Poi un volto bruno illuminato da un accenno di sorriso apparve sopra la spalla dell’Arpista e due occhi scuri esaminarono freddamente Narnra da sotto sopracciglia nerissime. «Allora… possiedi un nome che puoi definire tuo… Incappucciata?»

Un formicolio di magia si riversò su Narnra prima ancora che Caladnei avesse finito di parlare, e senza neppure soffermarsi a riflettere la ladra di Waterdeep si incurvò in avanti con aria tesa, quasi stesse affrontando un combattimento.

«Io sono la Maga Reale di Cormyr», continuò con gentilezza la donna alle spalle dell’Arpista, «e quello era un incantesimo della verità… nulla di più. Qui la mia parola è legge… ed è un crimine essere evasivi con me oppure oppormi un rifiuto, quindi ti prego di darmi una risposta esauriente».

Tremando, Narnra adocchiò la lama impugnata con decisione dall’Arpista e prese nota dell’espressione determinata dello sguardo di Caladnei, poi La Maga Reale si spostò da un lato e segnalò a Narnra di continuare a guardarla, in modo da costringerla a distogliere lo sguardo dall’Arpista che la stava minacciando.

Sospirando, Narnra si erse sulla persona e si girò per fare quello che le era stato chiesto. La Maga Reale era vestita di cuoio e calzata di stivali come un guerriero, con i lunghi capelli neri legati sulla nuca con un nastro; la sua cintura era carica di un assortimento di sacche e di daghe e lei non sfoggiava nessuno stemma né portava indosso gioielli.
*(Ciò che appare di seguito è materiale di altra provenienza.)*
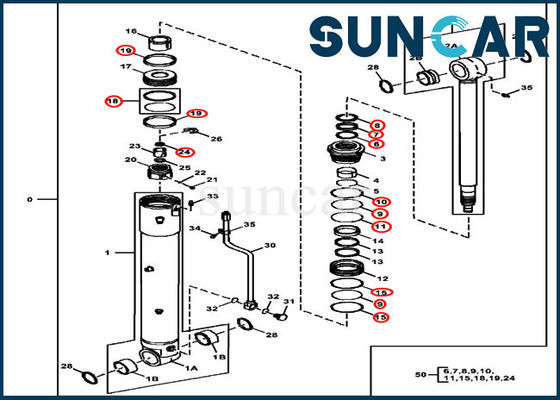 4696459 Döner Silindir Tamir Sızdırmazlık Kiti Deere 85D 85G Hidrolik CYL Yağ Keçesi Kitleri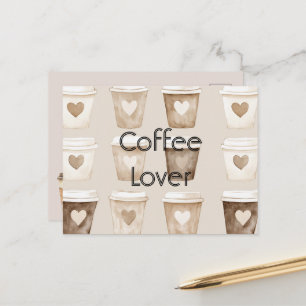 Cream Coffee Heart Cups Postcard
«Guardami», ripeté in tono sempre gentile.

Comprendendo quale fosse il suo intento, Narnra incontrò il suo sguardo con il proprio e si trovò intrappolata a fissare due fiamme oscure.

Un urlo fendette l’aria, seguito da un pesante rumore di stivali in corsa e da un altro sciacquio, ma nessuno dei tre fermi a quell’estremità del molo prestò alla cosa la minima attenzione.
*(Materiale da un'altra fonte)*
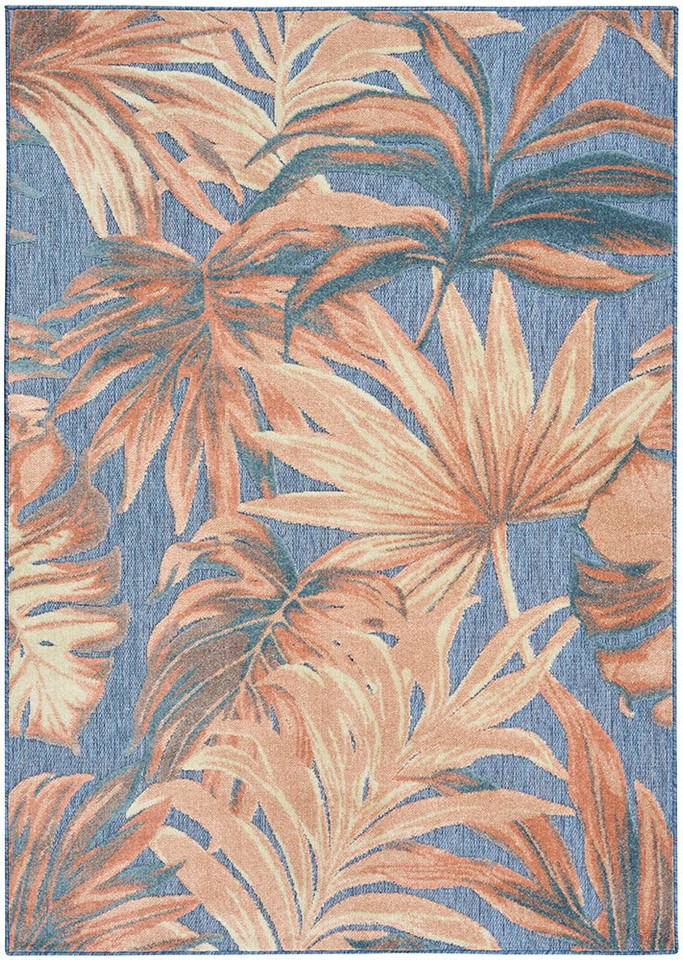 floral blue rose rug portrait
«Ti ho fatto una domanda. Forniscimi il tuo nome completo.»

«Io… io mi chiamo Narnra. Narnra Shalace, di Waterdeep.»

«Stai cospirando contro la Corona di Cormyr?»

«Signora, non so neppure chi porti la Corona di Cormyr… e finché non me lo hai detto tu, non ero neppure certa di trovarmi in Cormyr.
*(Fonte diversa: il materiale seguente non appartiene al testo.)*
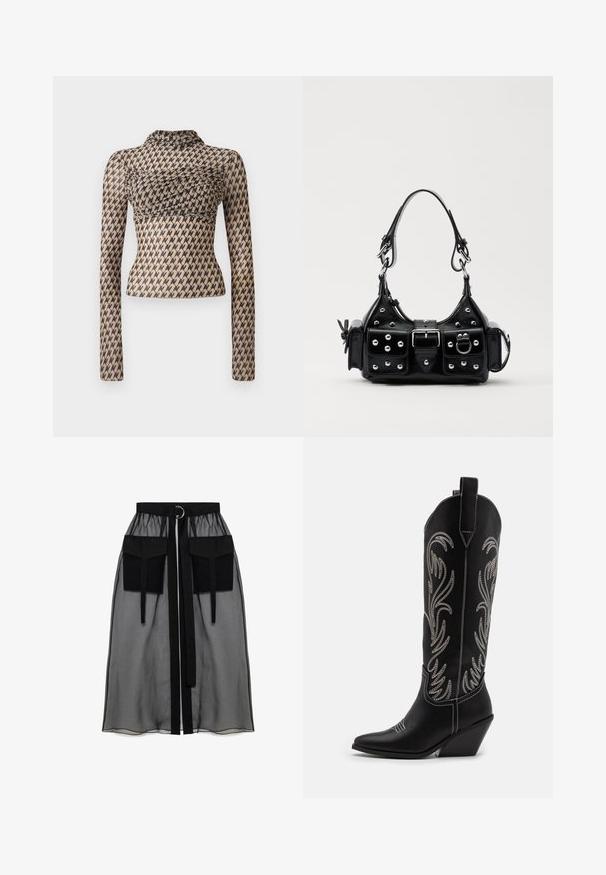Pikad varrukad, läbipaistvast materjalist, beežil põhjas ja musta abstraktse mustriga. Rinnaosas on volangdisain ja kõrge kaelus.; Must mustriga seelik, millel on kogutud vöökoht, kaks suurt esitaskut, vöötie ja ringikujuline metallaktsent.; Mustad mustad nahast cowboy saapad terava ninaga, vööndkanna ja hõbedaste tikanditega lillemustritega varred. Kontrastõmblused üle kogu.; Must värvi nahast käekott, millel on kaarjas disain, hõbedased nupukesed, kinnitusahe ja kaks külgtaskut. Reguleeritav rihm erinevate kandmisvõimaluste jaoks.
Io… io non ero mai stata nella tua terra, prima di stanotte.»

«Allora com’è che ti sei venuta a trovare su quest’isola?»

Narnra sospirò.

«Ecco, c’era un mago…» cominciò, poi esitò, non sapendo quale fosse il modo migliore per spiegare l’accaduto, perché a Waterdeep ammettere apertamente di essere un ladro significava essere puniti indipendentemente da quello che si aveva o non si aveva fatto.

In quel momento, l’Arpista fermo accanto a lei emise uno strano grugnito e andò improvvisamente a sbattere contro una lontana colonna, il corpo avvolto dalle fiamme, mentre Caladnei barcollava e si serrava il capo come se qualcuno le avesse urlato negli orecchi, e le pietre del molo sotto gli stivali di Narnra sussultarono e si sollevarono, quasi che una massa gigantesca stesse nuotando sotto di esse. La ragazza vide le pietre schizzare in alto e ricadere lungo tutto il molo, poi si girò di scatto e si allontanò di corsa dai due che la stavano interrogando, prima che il soffitto che la sovrastava si crepasse, che una colonna crollasse molto più avanti e che il ponte di collegamento con l’isola successiva, affollato di uomini che urlavano e che si spintonavano, s’infrangesse in una dozzina di punti, sprofondando nelle acque del porto con uno schianto che fece riversare sul molo un muro di acqua fetida. Lanciandosi verso una colonna, Narnra si aggrappò saldamente a essa per evitare di essere spazzata via.